The sky seems bigger but with fewer clouds and more stars at night. The
place is noisy through the day with living things. Crows flap about
from palm tree to palm tree, cawing in a peculiarly human manner that
is reminiscent of a colicky infant. There are parrots and cockatoos
that fly around here the way sparrows and pigeons do at home. Imagine
going into a pet store and seeing pigeons and sparrows for sale as
pets. Now there is an idea. Those birds would seem exotic to your
average Aussie.

R. has mentioned that I ought to be wary of
spiders, as there may be many breeds capable of doing me some harm. I
ran out of the toilet last week in panic and informed her I was not
alone in there..

" It's a daddy longlegs , you wussie", she derides. " surely you have those at home?"

"Course we do. I was just checking in case your version was lethal. Better safe than sorry."

"Those
guys are fine. Don't step on them. They eat other insects . It's the
redbacks you gotta look out for. They give you a nasty bite." She
informs me as she reaches past me to close the lid of the toilet and
flush it. She looks at me. I know this look.

"I forgot !" I tell her, lying. "I had to make sure about that spider didn't I?"

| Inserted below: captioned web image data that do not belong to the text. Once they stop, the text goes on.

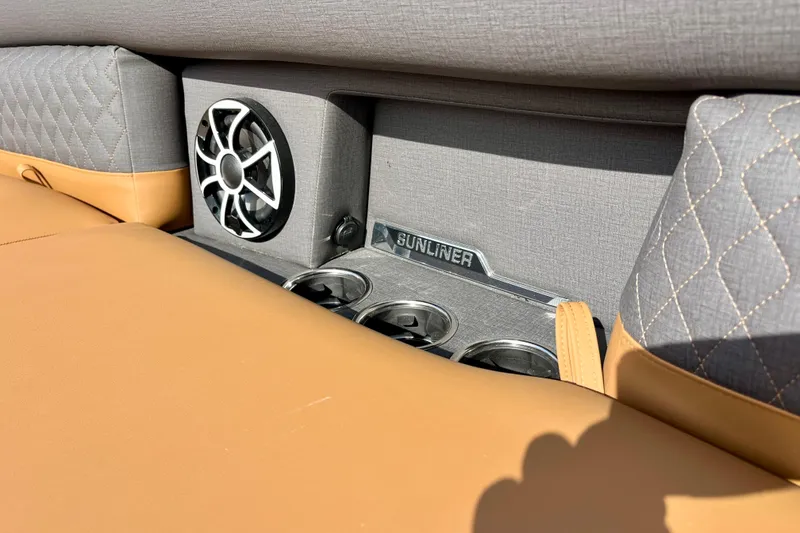 Slide: The Image of Interior of Harris Sunliner 250 boat, featuring speaker and cup holders. - 21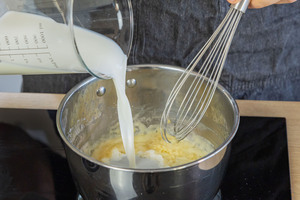 Milch zur Mehlschwitze gießen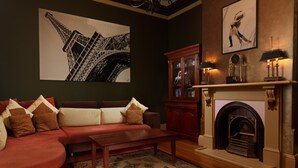 A living room with a red sofa, a fireplace, a large painting of the Eiffel Tower, and a cabinet with glass doors.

I am not lying about this next bit. Get this. The toilet water spirals
down the drain in the OPPOSITE direction to ours when you flush here.
It's the truth. Ask anybody who has ever been here. Don't ask me why. I
think it may have something to do with the proximity to Antarctica.
That would be the only thing that makes sense.

The television
news has been bouncing back and forth with reports about the death of
the Pope and the tragic demise of nine young Aussies from the RAAF, who
perished when their sea king helicopter fell out of the sky and blew up
on hitting the ground in Indonesia. Amazingly, two individuals survived
this horrifying event.

They were there to lend aid to the
earthquake victims. So what is more worthy of my attention? The passing
of an antedeluvian git, who, through his influence and sheer stupidity,
probably set man's progress back at least a hundred years, which is
about as old as he was when he popped his clogs? Or the lives of nine
selfless heroes, their young lives cut short in their prime while
flying to lend aid to perfect strangers in need? The Pope, had he
lived, may himself have paid a visit to the earthquake victims of
Indonesia (the Catholic ones, anyway) but that would only be to take
what little money they had to fill his coffers and to tell them not to
use prophylactics or they will go straight to hell.